“You’re going to see a massive flood of spending to get ahead of these government regulations,” Jerry Swank, managing partner at Dallas-based Swank Capital, said yesterday during the Bloomberg Link Oil & Gas Conference in Houston.
Regulators in Canada and the U.S. imposed emergency requirements and may seek stiffer rules after a runaway train carrying crude derailed and exploded on July 6 in Lac-Megantic, Quebec, killing 47 people.
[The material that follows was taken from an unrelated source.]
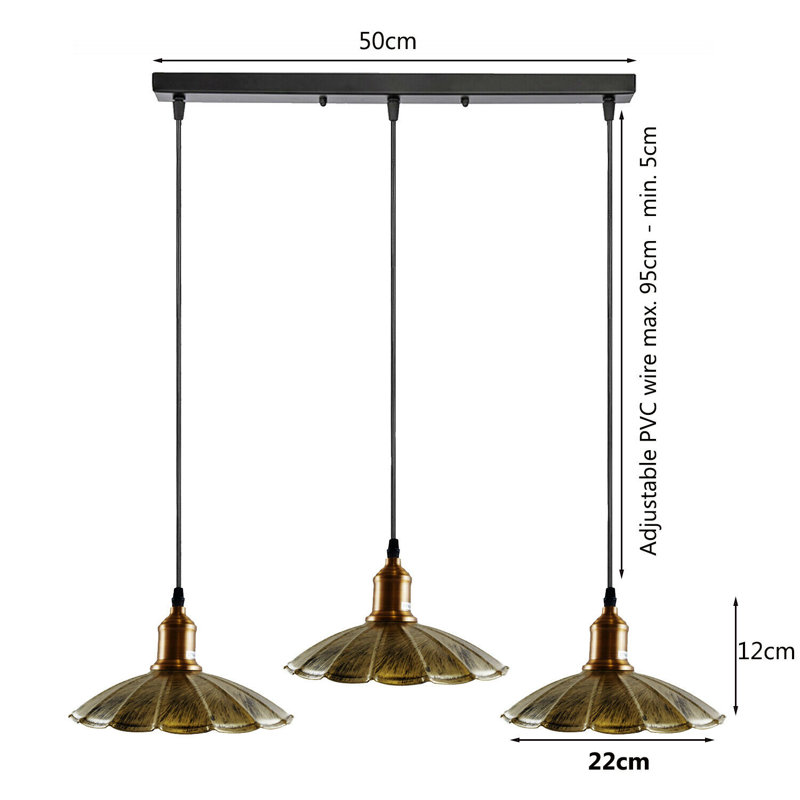Pablo 3 - Light Black Kitchen Island Pendant, Brushed Brass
Energy companies are transporting more oil on rail cars as improved drilling methods extract more North American oil and new pipelines are delayed. Across the continent, trains are forecast to move as much as 2 million barrels a day of crude by the end of 2014, according to pipeline operator TransCanada Corp. (TRP) That’s roughly the same as Norway’s daily production or the combined output from U.S. offshore and North Dakota fields, according to the latest U.S. Energy Information Administration data compiled by Bloomberg.
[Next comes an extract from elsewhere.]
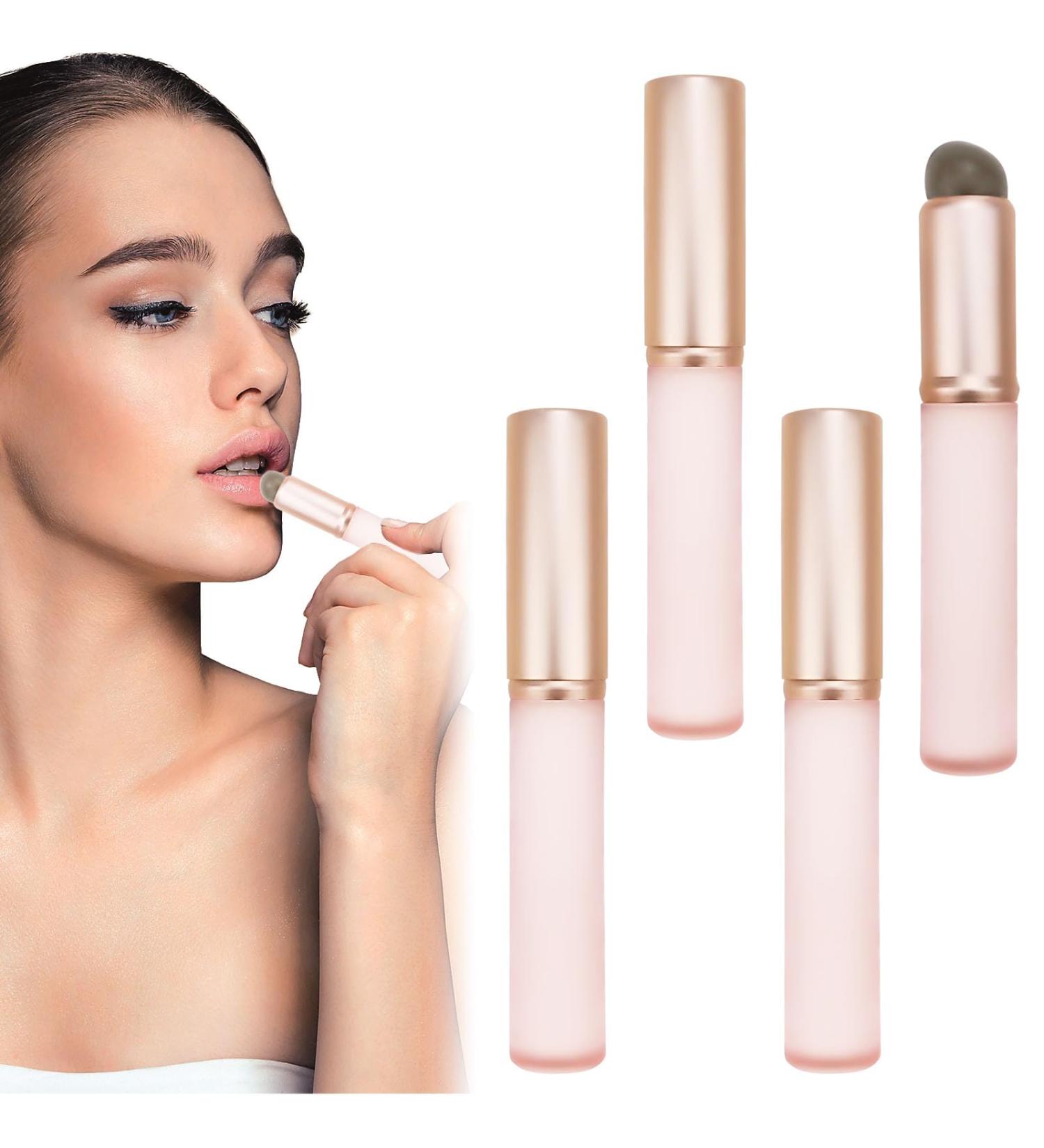 4 Pack Mini Concealer Lip Oil Brush - Angled Portable Makeup Brushes for Easy Lip Gloss & Lipstick Application | Travel-Friendly & Easy to Clean - Buy Online on GoSupps.com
Transport Canada issued emergency directives for transporting hazardous cargoes after the July derailment of a train operated by Montreal, Maine & Atlantic Railway Ltd. in Quebec, including requiring two train operators, locks on cabins and ensuring that brakes are properly applied.
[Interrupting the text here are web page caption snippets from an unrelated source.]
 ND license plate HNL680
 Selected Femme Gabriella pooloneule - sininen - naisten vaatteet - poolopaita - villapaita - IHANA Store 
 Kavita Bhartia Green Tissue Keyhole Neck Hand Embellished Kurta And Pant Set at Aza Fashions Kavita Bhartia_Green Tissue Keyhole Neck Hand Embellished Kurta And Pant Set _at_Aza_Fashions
Yesterday, it imposed stricter labeling requirements. The department will now require anyone importing or transporting crude to do tests to classify the type of fuel involved and update safety data sheets with the government, Lisa Raitt, the transport minister, said in a statement.
The move follows a recommendation from the Transportation Safety Board investigating the Quebec crash that regulators in the U.S. and Canada review processes for identifying and labeling dangerous goods. The crude carried on the train that crashed in Quebec should have been labeled as being more dangerous, the board said last month.
The U.S. Pipeline and Hazardous Materials Safety Administration in September also proposed making DOT-111 tank cars, the kind that crashed in Quebec, less prone to rupture.
Rail shipments of oil from Western Canada are forecast to quadruple by the end of next year from 224,000 barrels a day as new loading terminals are built to get oil-sands crude on trains, according to a report by Peters & Co., a Calgary-based investment bank. The amount of rail-shipped Bakken crude to the east and west coasts is poised to jump fourfold this year, according to an analysis by Wood Mackenzie.
Refiners have used rail to take advantage of U.S. domestic oil that was about 15 percent cheaper than imports for more than two years since the start of 2011, according to figures compiled by Bloomberg. Accessing cheaper inland supplies through rail made it more profitable to pay transportation costs that are higher than by pipeline.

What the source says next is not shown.